El cambio con mayor impacto práctico es el aplazamiento del régimen aplicable a los sistemas de IA de alto riesgo. Estas obligaciones debían empezar a aplicarse el 2 de agosto de 2026, una fecha que los agentes económicos observaban con preocupación ante la falta de estándares y guías técnicas suficientes.
Conforme a las nuevas fechas aprobadas, las normas serán aplicables el 2 de diciembre de 2027 para los sistemas de IA de alto riesgo autónomos —los del Anexo III— y el 2 de agosto de 2028 para los sistemas de IA de alto riesgo sujetos a la legislación armonizada de seguridad de productos recogida en el Anexo I. Este aplazamiento busca ofrecer mayor previsibilidad y margen de adaptación a operadores y autoridades. - Prohibición de contenidos sexuales e íntimos no consentidos y de material de abuso sexual infantil generado por IA.
La nueva norma incorpora al Reglamento de IA una disposición que prohíbe las prácticas de IA relativas a la generación de contenido sexual e íntimo no consentido, así como de material de abuso sexual infantil (CSAM, por sus siglas en inglés). Quedan vetados, en particular, los sistemas capaces de generar desnudos de personas reales o de alterar digitalmente fotografías existentes para mostrar partes íntimas.
Esta prohibición está prevista para entrar en vigor en diciembre de 2026, lo que la convierte en una de las medidas de aplicación más inmediata del paquete y refleja la voluntad de acompañar el avance tecnológico con garantías efectivas para la protección de los valores fundamentales. - Plazos en materia de espacios controlados de pruebas y transparencia.
El reglamento también ajusta otros plazos relevantes. Por un lado, pospone hasta el 2 de agosto de 2027 la fecha límite para que las autoridades nacionales competentes establezcan los espacios controlados de pruebas (regulatory sandboxes) en materia de IA.Por otro lado, reduce de seis a tres meses el periodo de gracia del que disponen los proveedores para implementar las soluciones de transparencia aplicables al contenido generado artificialmente, fijando la nueva fecha límite en el 2 de diciembre de 2026. - Competencias de la Oficina de IA.
En el plano institucional, el texto precisa el reparto de competencias. Confirma que la Oficina de IA supervisa los sistemas construidos sobre modelos de inteligencia artificial de uso general cuando el modelo y el sistema proceden de un mismo proveedor, pero reserva un espacio a las autoridades nacionales en ámbitos sensibles como la seguridad y el orden público, la gestión de fronteras, la Administración de Justicia o el sector financiero. - Articulación con la legislación sectorial.

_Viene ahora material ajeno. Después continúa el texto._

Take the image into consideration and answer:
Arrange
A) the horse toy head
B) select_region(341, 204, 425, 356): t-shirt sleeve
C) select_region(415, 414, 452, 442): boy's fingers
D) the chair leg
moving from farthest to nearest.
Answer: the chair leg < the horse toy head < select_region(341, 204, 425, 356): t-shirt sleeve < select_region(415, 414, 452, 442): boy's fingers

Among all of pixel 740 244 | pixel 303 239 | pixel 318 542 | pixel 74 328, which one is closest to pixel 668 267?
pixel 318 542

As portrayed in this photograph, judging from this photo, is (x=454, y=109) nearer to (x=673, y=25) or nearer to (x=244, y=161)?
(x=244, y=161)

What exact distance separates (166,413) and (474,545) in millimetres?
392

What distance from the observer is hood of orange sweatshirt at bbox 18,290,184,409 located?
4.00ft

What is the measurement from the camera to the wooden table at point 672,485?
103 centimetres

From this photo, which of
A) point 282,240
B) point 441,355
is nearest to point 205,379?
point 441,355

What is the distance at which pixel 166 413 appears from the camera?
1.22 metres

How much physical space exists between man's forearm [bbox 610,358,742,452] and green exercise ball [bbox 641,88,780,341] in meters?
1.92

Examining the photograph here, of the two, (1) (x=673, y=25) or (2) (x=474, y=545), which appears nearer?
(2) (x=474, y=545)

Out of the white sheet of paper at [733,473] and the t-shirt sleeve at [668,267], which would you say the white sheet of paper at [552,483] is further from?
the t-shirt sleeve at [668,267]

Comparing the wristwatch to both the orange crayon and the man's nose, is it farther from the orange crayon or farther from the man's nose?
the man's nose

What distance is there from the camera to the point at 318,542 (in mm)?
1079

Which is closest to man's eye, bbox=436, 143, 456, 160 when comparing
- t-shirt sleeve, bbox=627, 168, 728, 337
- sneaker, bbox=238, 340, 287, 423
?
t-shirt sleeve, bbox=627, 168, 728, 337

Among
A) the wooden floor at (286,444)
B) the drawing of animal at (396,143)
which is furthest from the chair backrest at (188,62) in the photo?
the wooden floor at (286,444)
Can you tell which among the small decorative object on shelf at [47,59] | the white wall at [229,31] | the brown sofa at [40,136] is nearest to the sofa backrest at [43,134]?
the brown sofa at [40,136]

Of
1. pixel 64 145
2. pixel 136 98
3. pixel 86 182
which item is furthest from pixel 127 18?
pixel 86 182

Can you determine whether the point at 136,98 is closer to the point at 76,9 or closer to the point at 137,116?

Otra cuestión que abordada es la interacción entre las normas de IA y la legislación sectorial —en sectores como los productos sanitarios, los juguetes, los ascensores o las embarcaciones de recreo—, así como los posibles solapamientos entre los requisitos de alto riesgo del Reglamento de IA y los derivados de la legislación sectorial. Para evitar duplicidades, se habilita un mecanismo que, mediante actos de ejecución, permite limitar la aplicación del Reglamento de IA cuando la legislación sectorial ya imponga requisitos equivalentes en materia de IA.
Adicionalmente, los productos cubiertos por el Reglamento (UE) 2023/1230 de Máquinas quedan exentos de la aplicabilidad directa del Reglamento de IA: será la Comisión quien, mediante legislación secundaria del propio Reglamento de máquinas, incorpore los requisitos de salud y seguridad para los sistemas clasificados como de alto riesgo.
El crecimiento, la sostenibilidad y la eficiencia pasan por implantar sistemas de IA de forma responsable
Por último, se introduce una nueva obligación de la Comisión de proporcionar asesoramiento a los operadores económicos de sistemas de IA de alto riesgo cubiertos por la legislación sectorial armonizada, con el objetivo de facilitar el cumplimiento de los requisitos del Reglamento de IA minimizando la carga administrativa.
El acto legislativo está pendiente de publicación en el Diario Oficial de la Unión Europea y entrará en vigor el tercer día siguiente al de dicha publicación.